Data-driven energy planning is just a start. The region needs real dialogue among all stakeholders, not just governments, to drive negotiations on the necessary trade-offs. Regional track 1 approaches involving only governments are many—ASEAN, China’s Lancang-Mekong Cooperation Mechanism, the United States’ Lower Mekong Initiative, and so on—but there is room for the United States to start a track 2 approach, one that would allow for an open, scientific, and inclusive discussion. The weakening of the Mekong River Commission, despite its decades of good work on the equitable and sustainable use of the river’s waters, enlarges that space. For such discussions, a living model of the basin’s food, energy, and water nexus could serve as armature for better understanding and action—the IPCC process could serve as a model.
Regional politics, cronyism, and corruption remain strong forces that could overwhelm such an effort. Yet rigorous analysis underpinning inclusive regional dialogue offers a key to free the region from its prisoner’s dilemma, in which all involved will likely suffer due to a lack of coordination and trust.
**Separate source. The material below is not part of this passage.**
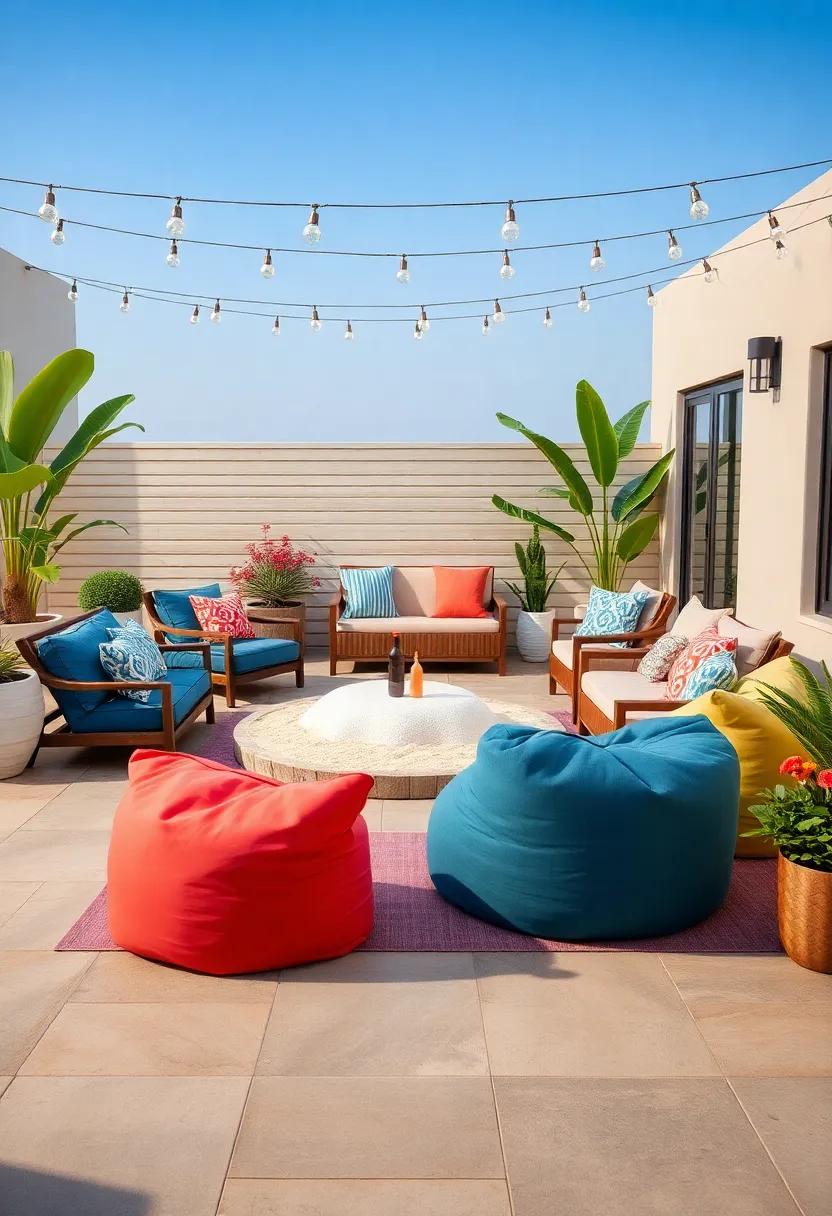 Beach Vibes: Set up‍ a beach-inspired patio with colorful bean bags​ arranged‍ around a sand pit or faux beach vibe for ultimate relaxation and fun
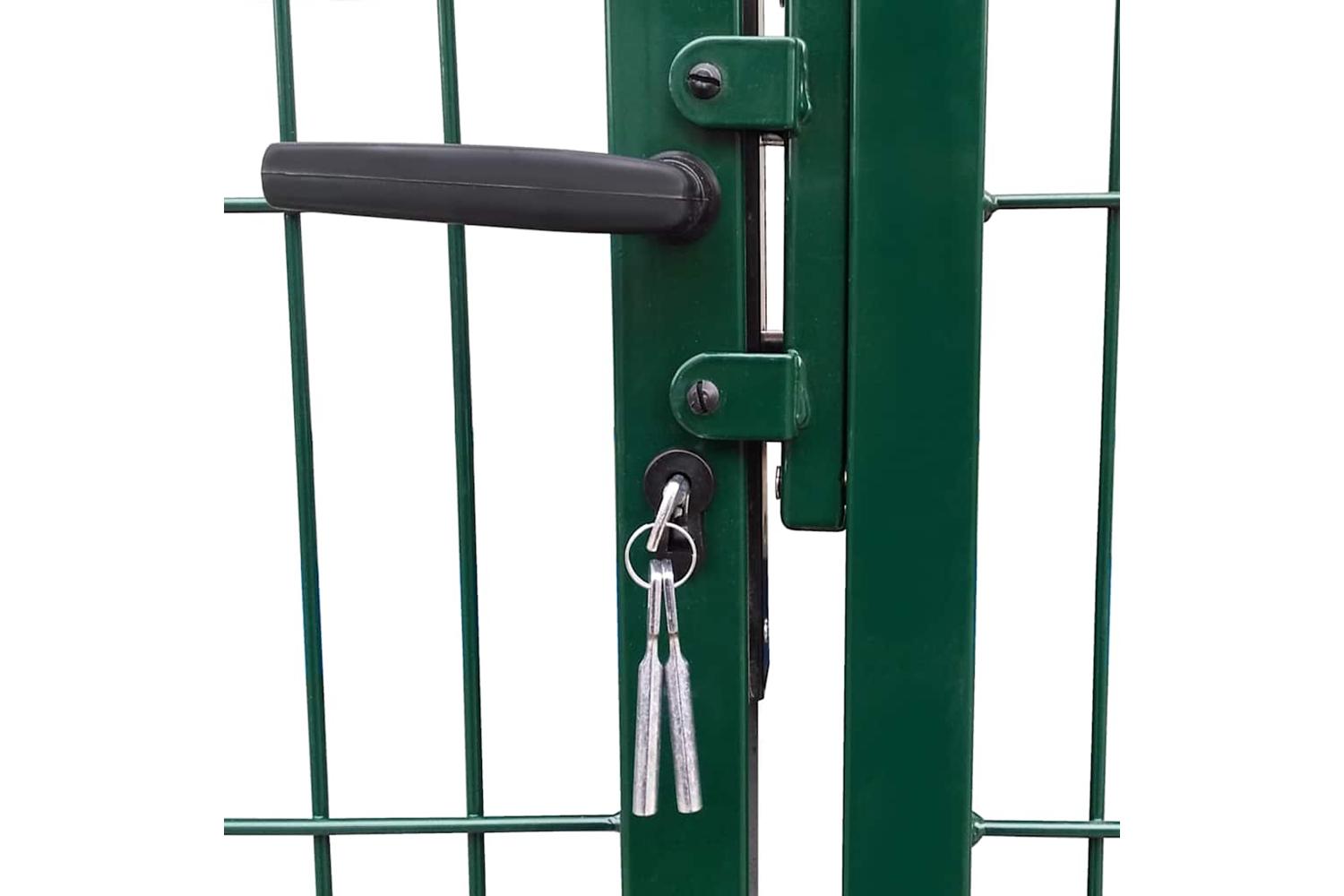 vidaXL 142569 Garden Fence Gate With Posts 350x100cm Steel Green-3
The stakes—stability in a strategic area and the health of one of the world’s major river systems—are too high for the United States not to engage.
Washington has a dark past in the region—its air campaign during the Vietnam War made Laos the most bombed country per capita in history and it even laid the seeds for today’s dams with plans in the 1950s to “tame the Mekong.” The United States, with its strengths in science, technology, and entrepreneurship, has a brief but real opportunity to empower Laos to become a regional leader in twenty-first century energy planning and help it achieve its self-determined goals. By grasping it, Obama can leave behind the United States’ regrettable legacy and begin to deliver on the promises of the rebalance to Asia.